> **Input data**
# # # # #

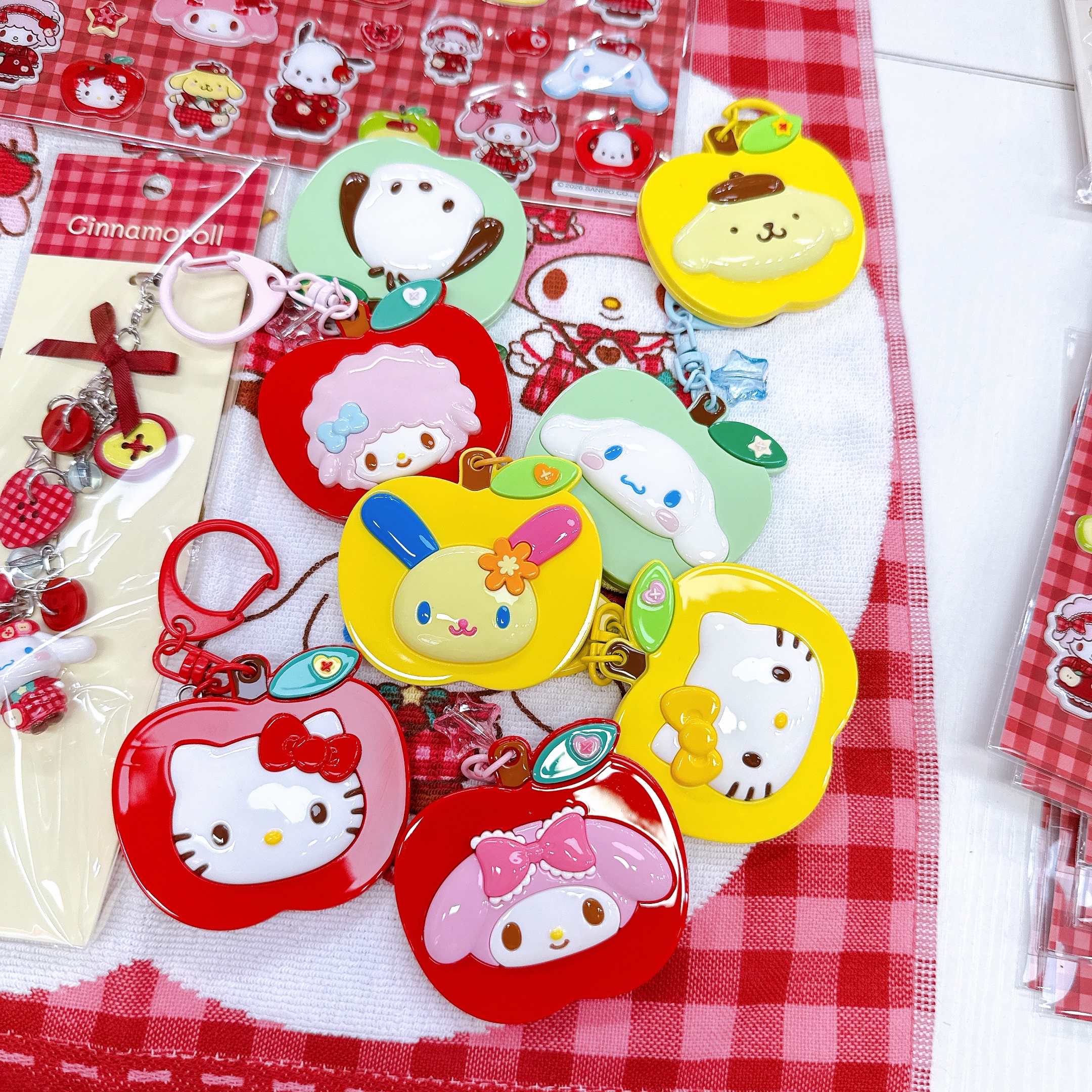 日本直送日本版Sanrio 紅蘋果系列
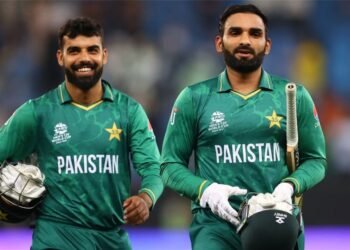 آصف علی کا انٹرنیشنل کرکٹ سے ریٹائرمنٹ کا اعلان، ساتھی کھلاڑیوں کی نیک تمنائیں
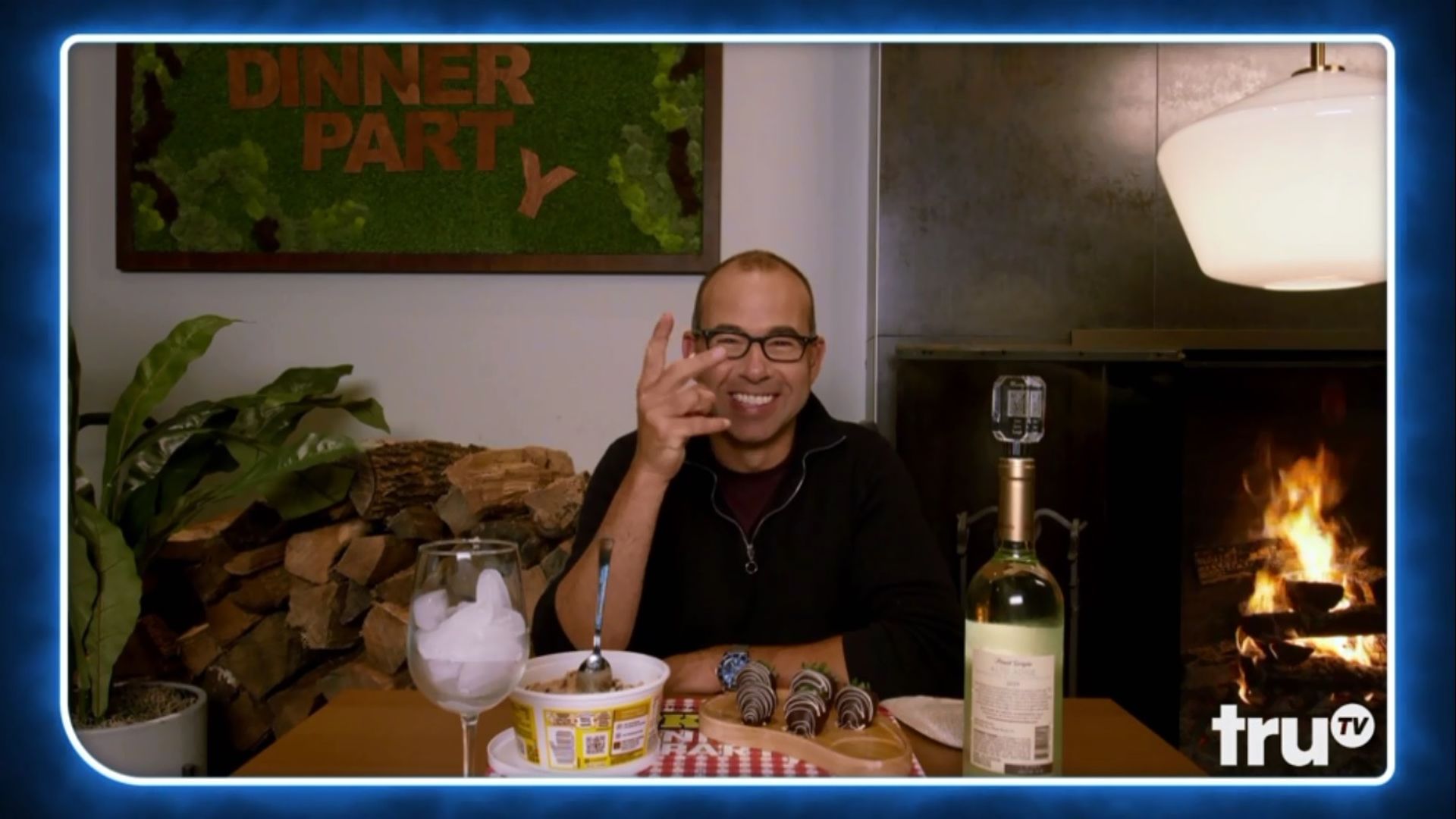 Impractical Jokers: Dinner Party background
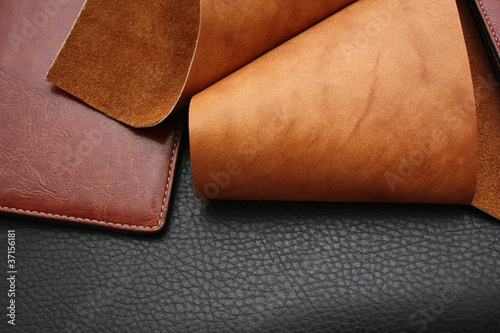 Photo: Le travail du Cuir - Ameublement,Maroquinerie...... Le travail du Cuir - Ameublement,Maroquinerie......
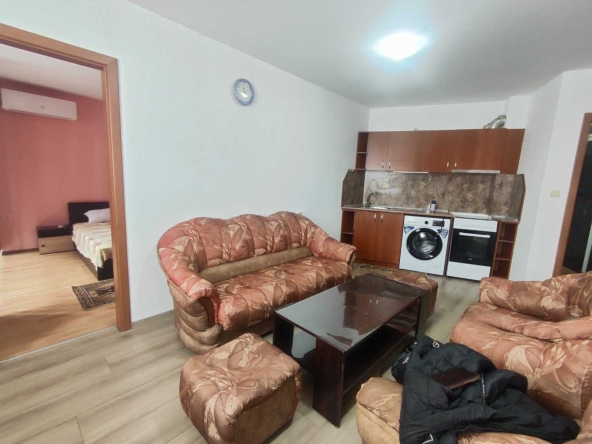 Дава се под наем Тристаен апартамент в Ямбол, Център - 80 кв.м за 498.27 € - Снимка #1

# # # # #

> **Exercise instructions**
An exact copy of every entry, pictures left out, is what to write here.

> **Completed exercise**
 日本直送日本版Sanrio 紅蘋果系列
 آصف علی کا انٹرنیشنل کرکٹ سے ریٹائرمنٹ کا اعلان، ساتھی کھلاڑیوں کی نیک تمنائیں
 Impractical Jokers: Dinner Party background
 Photo: Le travail du Cuir - Ameublement,Maroquinerie...... Le travail du Cuir - Ameublement,Maroquinerie......
 Дава се под наем Тристаен апартамент в Ямбол, Център - 80 кв.м за 498.27 € - Снимка #1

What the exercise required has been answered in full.